Production commenced in mid 1943, with the
first Tempest Vs entering service with 486 Squadron RAF in January 1944. Unlike the
Typhoon, the Tempest rarely carried underwing stores for its operations except for the
purpose-designed 45-gallon "teardrop" drop tanks. Instead it relied on its four
Mk. V Hispano 20mm cannon.
Tempests were used extensively against V-1 rockets from June 1944, and over Europe in
ground attack and flak suppression missions from late August. They were very successful in
both these roles and also scored many air victories. These achievements included a number
of Me 262 jet fighters.
The Tempest continued into postwar service with both the RAF and a number of foreign
air forces. The other major developments of the type were the Tempest VI, which was
similar to the Mk. V but equipped with the Sabre V engine; and the Tempest II which
featured a close cowled Centaurus CE4S radial engine.

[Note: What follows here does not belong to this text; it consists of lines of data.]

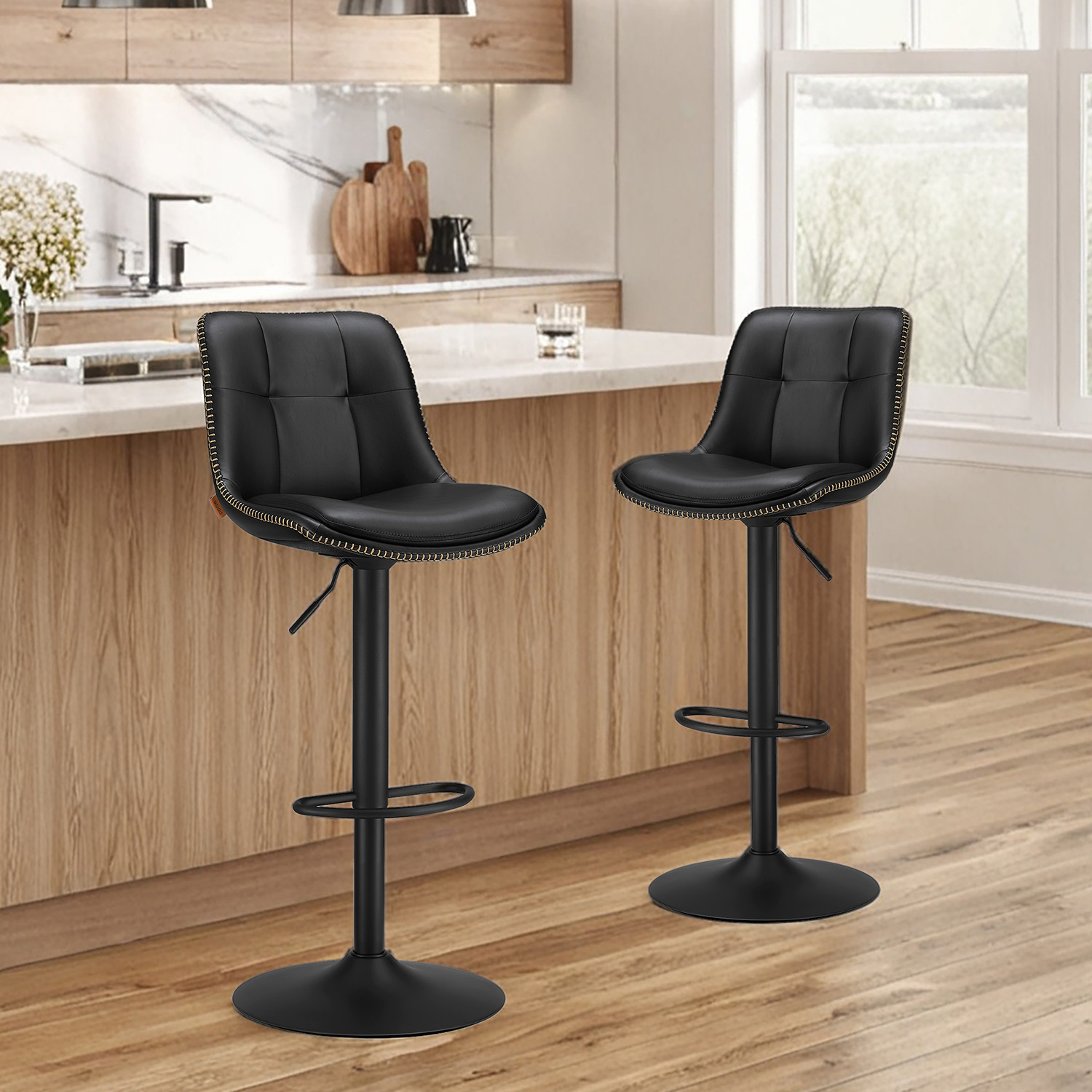 Baaritoolide komplekt (2 tk) seljatoega, tindimust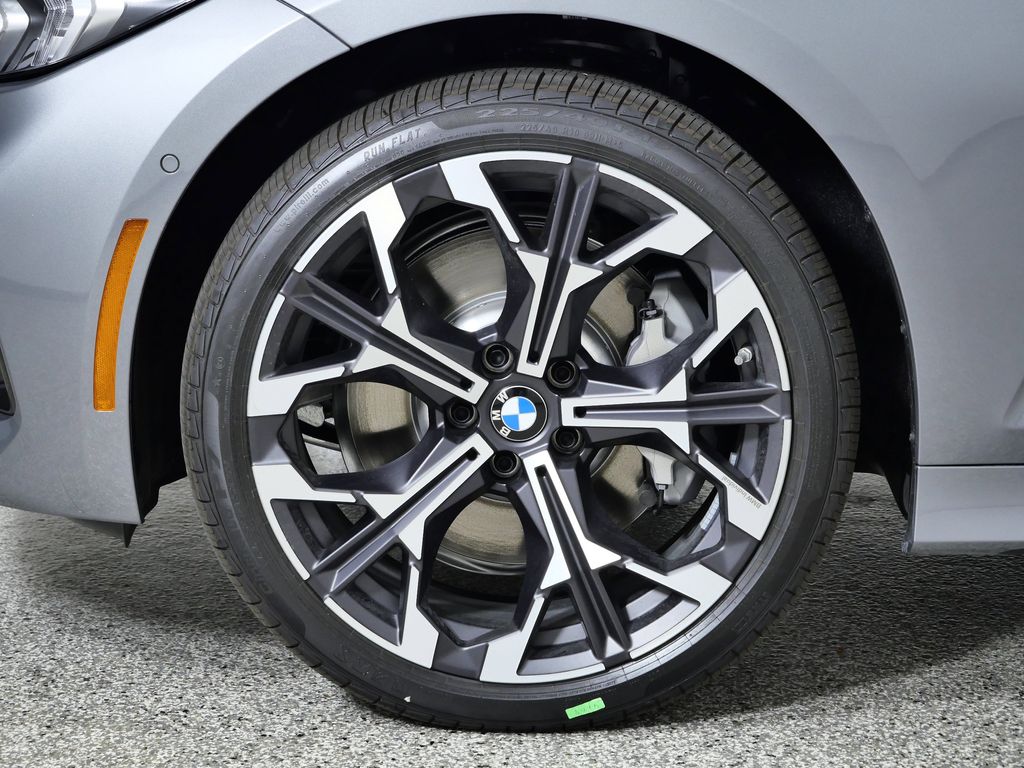 Thumbnail: 2026 BMW 3 Series - 17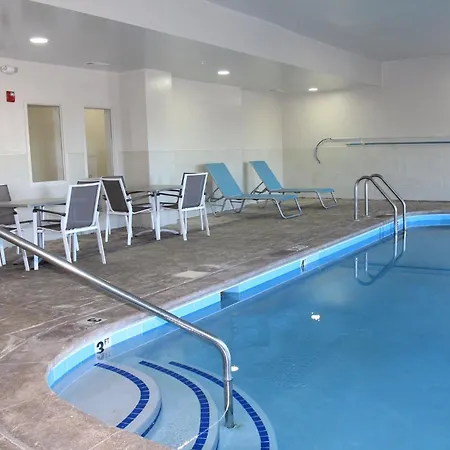Holiday Inn Express & Suites-2
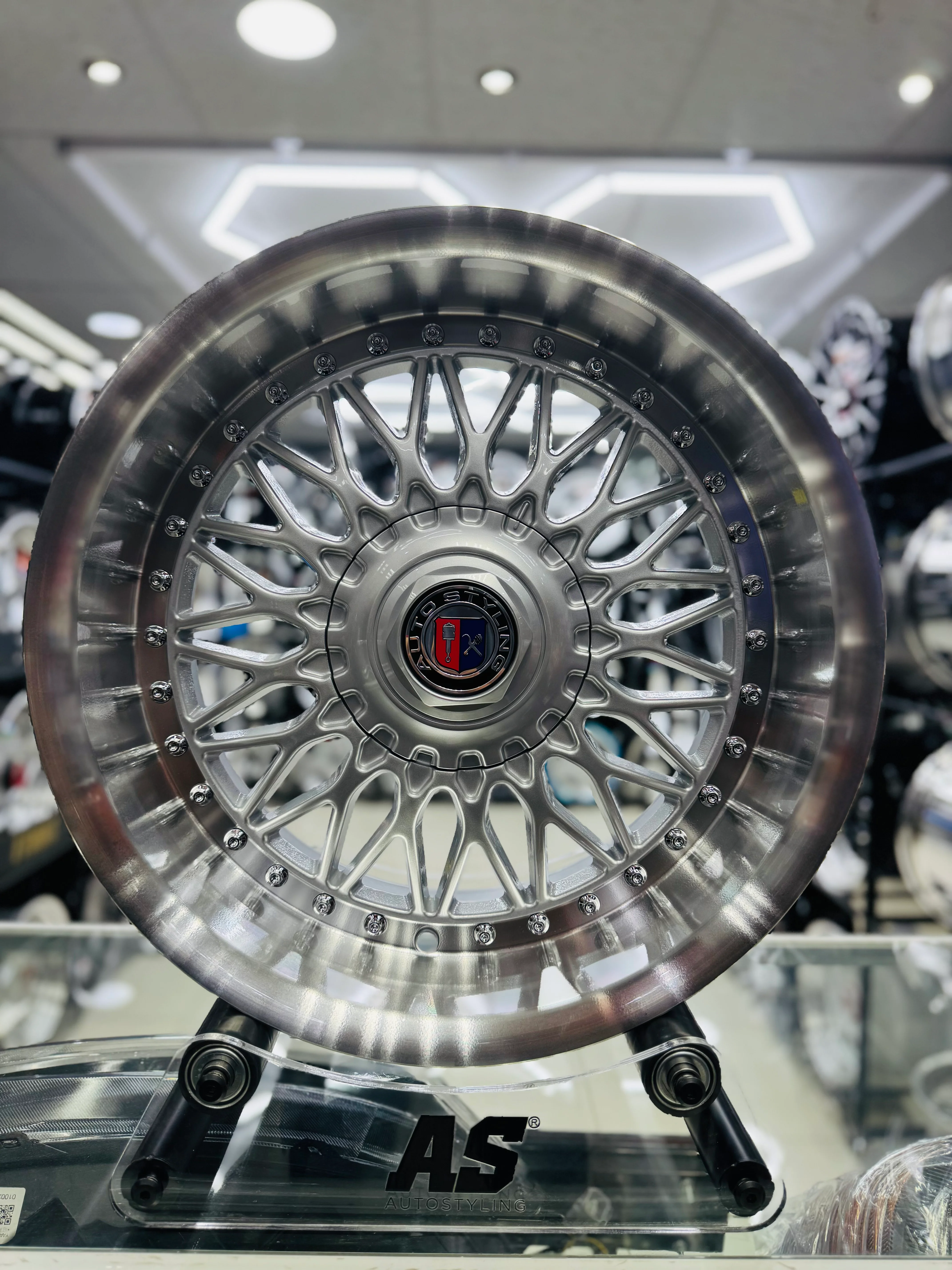 17” AS-SCORPION 8/9j 5/120 & 5/112 SILVER STUDS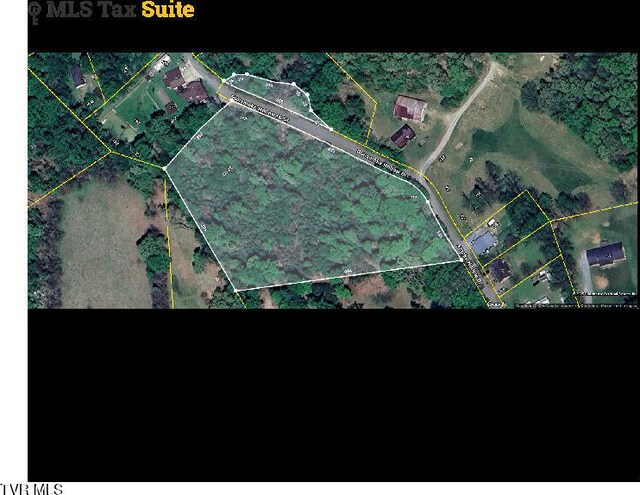 119 Gunsmoke Hollow Dr, Elizabethton, TN 37643 - photo 21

Further development and testing of the Tempest eventually led to what many would argue
was the ultimate piston-engined fighter aircraft - the Hawker Fury and Sea Fury.
Eduard released this long-awaited kit in 1/48 scale during 1997. Previous offerings have
been available in this scale (including AMT/ERTL), but needed a lot of work to bring them
up to an acceptable standard.
Eduard's kit represents a late version Tempest V. The main distinguishing feature
between this version and the early Tempest is the absence of protruding barrels for the
four Hispano cannon.
"Profipack" indicates that this kit has the optional multi-media parts.
Eduard has also released an all-plastic version of the same kit, and has more recently
produced a "Profipack" version of the early Tempest.
The kit comprises 66 light grey injection moulded parts on four sprues, one clear
styrene part, 8 resin parts and a photo-etched steel fret. The resin covers the cockpit
tub, seat (with nicely detailed quilted backrest cushion) and flattened main wheels. Photo
etched harnesses, instrument panel and minor cockpit details complete this comprehensive
multi-media package. The resin and photo-etch are both flawless in design, detail and
execution. Options are provided to add slipper tanks or to build the aircraft as a Target
As one might expect of Eduard, the cockpit detail in particular takes full advantage of
the resin and etched metal to deliver a very busy and convincing replica.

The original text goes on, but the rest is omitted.